A step toward world government

The Streit Council is named after Clarence K. Streit, whose 1939 book "Union Now" called for the creation of a Transatlantic Union as a step toward world government. The new federation, with an international constitution, was to include the 15 democracies of U.S., UK, France, Australia, Belgium, Canada, Denmark, Finland, the Netherlands, Ireland, New Zealand, Norway, Sweden, Switzerland and South Africa.

Ira Straus, the founder and U.S. coordinator of the Committee on Eastern Europe and Russia in NATO, a group dedicated to including Russia within NATO, credits Bennett as TPN chairperson with reviving Streit's work "seven decades later."

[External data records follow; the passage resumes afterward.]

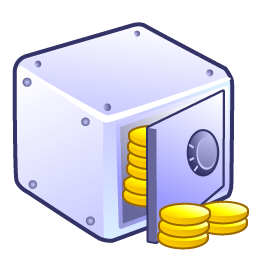 open_safety_box_icon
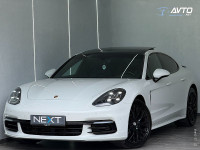 Porsche Panamera 3.0 V6 PDK - Matrix - ACC - Panorama - LED - Navi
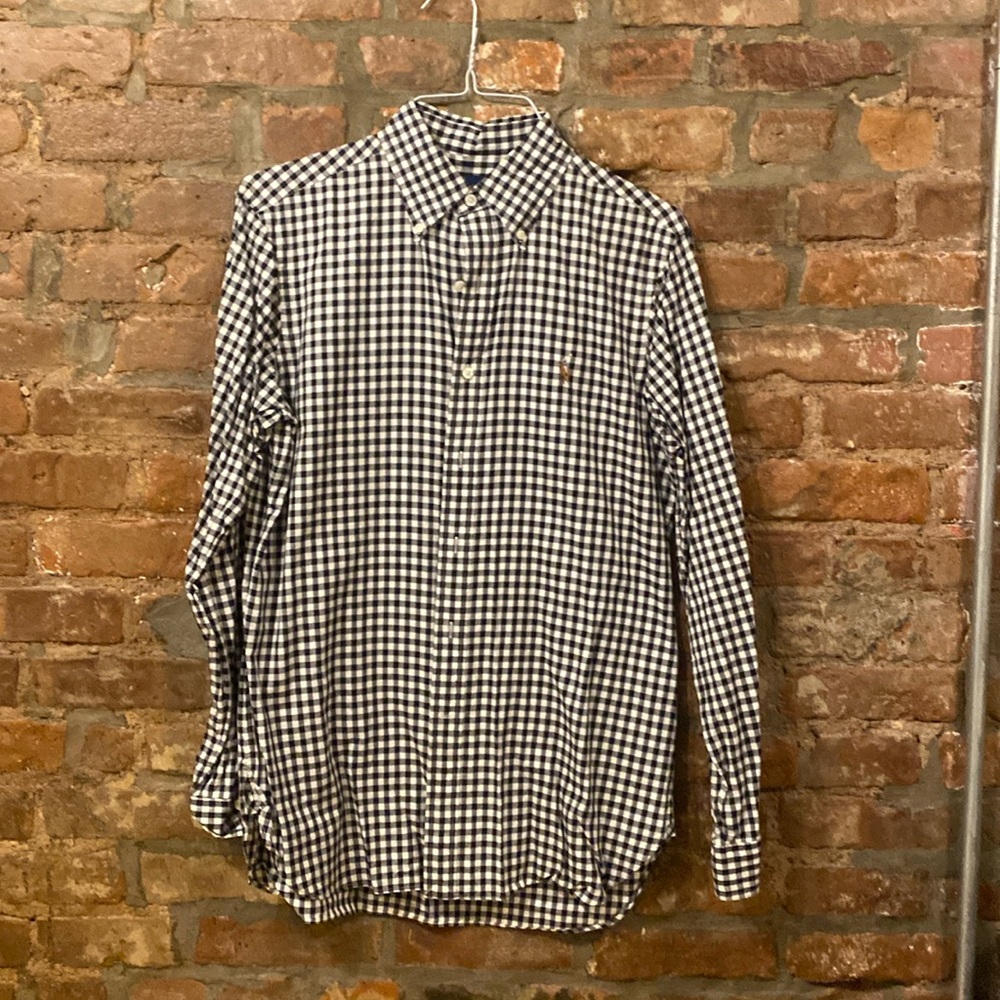 Polo Ralph Lauren Button Down Shirt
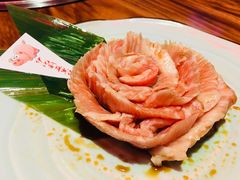 -热血兄弟·炭火烤肉(融侨中心店)
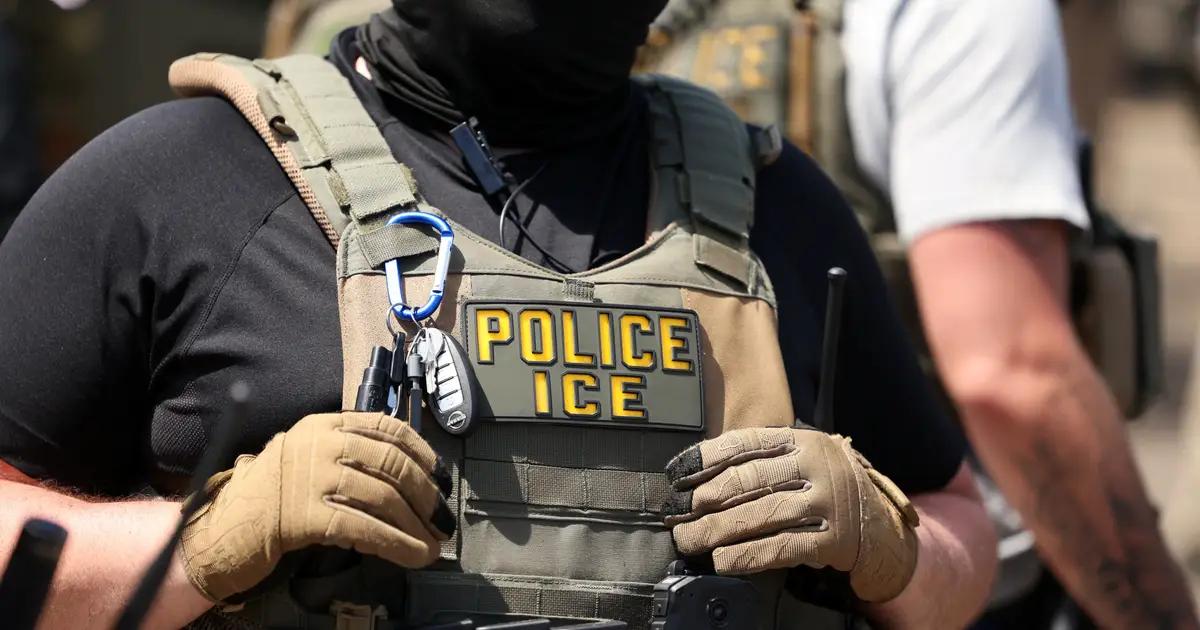 ICE Is Using Data Broker Tools to ‘Identify Unaccompanied Minors’ and ‘Fraud’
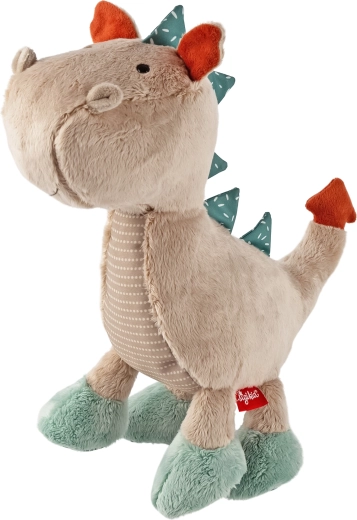 Első plüss sárkány 28 cm Sigikid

A globalist with leftist political leanings, Straus was a Fulbright professor of political science at Moscow State University and the Moscow State Institute of International Relations from 2001 to 2002.

The congruity of ideas between Bennett and Streit is clear when Bennett writes passages that echo precisely goals Streit stated in 1939.

One example is Bennett's claim in his Streit Council article that creating a Transatlantic Common Market would combine markets that comprise 60 percent of world Gross Domestic Product under a common regulatory standard that would become "the de facto world standard, regardless of what any other parties say."

Similarly, Streit wrote in "Union Now" that the economic power of the 15 democracies he sought to combine in a Transatlantic Union would be overwhelming in their economic power and a clear challenge to the authoritarian states then represented by Nazi Germany and the communist Soviet Union.

Also writing in the Fall 2007 issue of the Streit Council journal "Freedom and Union," World Bank economist Domenec Ruiz Devesa openly acknowledged that "transatlantic economic integration, though important in itself, is not the end."

"As understood by Jean Monnet," he continued, "economic integration must and will lead to political integration, since an integrated market requires common institutions producing common rules to govern it."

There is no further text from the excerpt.